My entire upbringing enabled me to see my parents, Lang and Ann Coppin, invest their love and hard work into the station and our animals.  I’m proud to be the fifth-generation carrying on the family heritage and caring for this country.

I am so privileged that I also get to share each day living on Yarrie with my husband, Thomas and my daughters Tanami Ann & Daisy Pearl.

She's A Beauty

If you haven’t laid eyes on her, Yarrie Station is a 250,000-hectare rangelands property situated north of Marble Bar in Western Australia. She is made up of the mighty De Grey River and her grass covered floodplains, rolling hills of spinifex and acacia, deep mineral-rich, ancient soils and breathtaking hills full of secret water holes and gorges, she is bloody beautiful to behold. 

Meet the Team

Aimee Ray

I am a proud ambassador of Outback Beef because of my connection to Yarrie country, the superb natural flavour and the way the cattle are treated.

I am a proud ambassador of Outback Beef because of my connection to Yarrie country, the superb natural flavour and the way the cattle are treated. It was during my first season working on Yarrie Station that I met Annabelle. We had some mighty adventures together back then and have never lost touch.
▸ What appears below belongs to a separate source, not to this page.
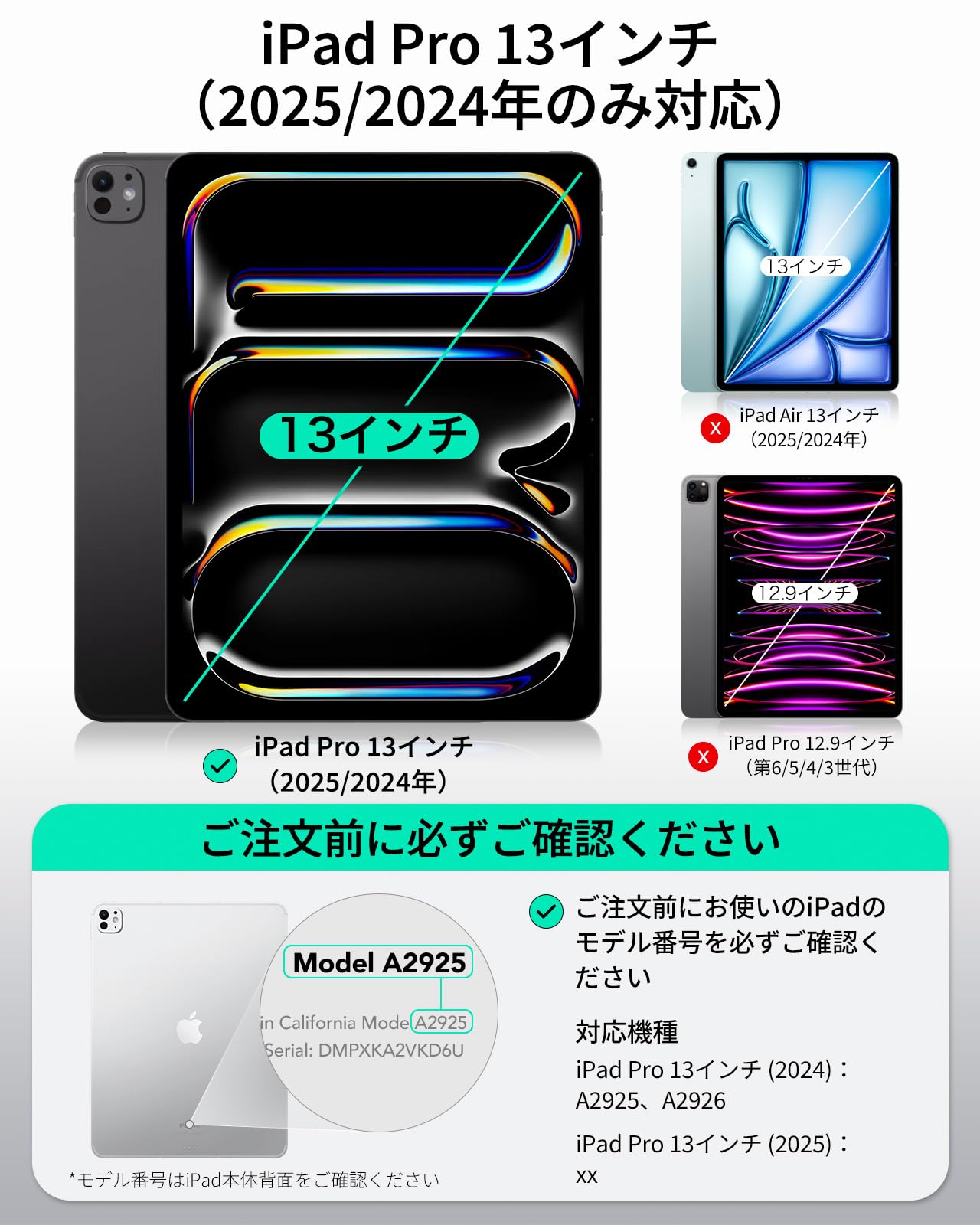 Amazon.co.jp: ESR iPad Pro 13インチ ケース（M5/M4、2025/2024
Yarrie Station is an unforgettable place and I have always been impressed by the way the cattle are cared for and their ethical industry process.
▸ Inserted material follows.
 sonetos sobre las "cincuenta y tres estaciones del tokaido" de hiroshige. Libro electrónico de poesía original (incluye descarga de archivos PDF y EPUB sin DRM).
Since moving to Perth and producing a few little tackers of my own, the importance of excellent nutrition and transparency in the food chain for my family has become more important. I’m pleased to be part of the Yarrie team, sharing the best beef of the Pilbara to those in Perth.

Tim & Caz

We arrived in the Pilbara, from the east, in 2014 planning only to stay a year. But the ‘Pilbara’ really gets in your blood—especially the beauty and the people of Yarrie Station—so we find ourselves still here, enjoying life.
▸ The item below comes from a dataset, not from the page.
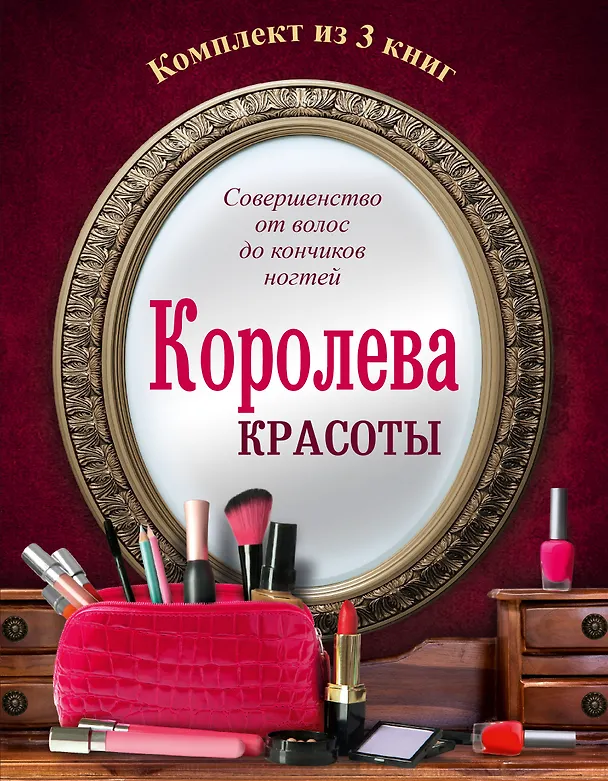 Книга Королева красоты () — 1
We arrived in the Pilbara, from the east, in 2014 planning only to stay a year. But the ‘Pilbara’ really gets in your blood—especially the beauty and the people of Yarrie Station—so we find ourselves still here, enjoying life.

I’ve been a butcher most of my life, with the lovely wife, Caz, the best shop assistant around. Naturally, we thought we knew what good beef should taste like. That was until we tried Yarrie’s ‘rangeland’ fed beef. The flavour of ‘Pilbara Outback’ beef blew us away!

Our roles on Yarrie Station see us taking on general repairs and maintenance, mowing, repairing solar pumps/troughs/windmills, town runs (500km round trip) for supplies, servicing vehicles, overseeing Outback Beef sales/ordering/logistics and driving around this amazing station, checking that all the cattle watering points are working properly.

We’re delighted to be a part of the Outback Beef team caring for and sharing this beef to the world!

Our Team

We couldn’t do it without our highly skilled and dedicated team. Without their support our dream wouldn’t be possible, which is why like to create further learning and employment opportunities while encouraging them to pursue a career within the beef industry.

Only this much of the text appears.